Data-Driven Decision is more than Actionable Insights
Generally accepted popular opinion for an enterprise leadership is to take decisions from data, which is often referred to as being ‘data-driven’. In my recent conversation with over 10 Chief Information Officers and Chief Data Officers, this goal is more aspirational, than realistic.
While enterprises are investing in a lot of technologies and hiring skilled resources, to realize the returns or access ROI, one must understand, “Are these investments being made for ‘visibility’ or ‘better decisions’ from data?”
In this article, I present the difference between a data-driven approach for ‘visibility’ and ‘better decisions’, and how taking a structured approach to decision-making can lead to the desired return.
How Visibility and Data-Driven Decisions Differ?
Visibility is historical insights from data.
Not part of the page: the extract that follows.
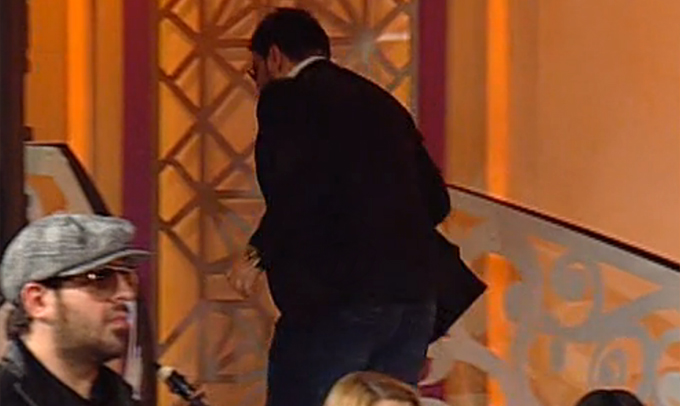 Intrebat de consumul de droguri si de clanul Duduienilor, Florin s-a ridicat si a parasit platoul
It gives enough information to take actions as far as environment and states are more or less fixed. For example, an annual planning for a retail product. The outcome of visibility is deterministic and decision-makers can run sensitivity analysis to further refine the actions.
For actionable insights, traditionally analytical tools are used that can slice-dice data, show trends, correlate cause and effect and more. In the last decade, these insights are obtained using advanced technologies including AI, NLP to answer questions, rather than just inferring from dashboards. Regardless, the visibility is from a fixed state of data and often it leads to more questions.
For example, you can ask Alexa or Siri “What is the trending song for the day?” and expect a reasonably accurate answer.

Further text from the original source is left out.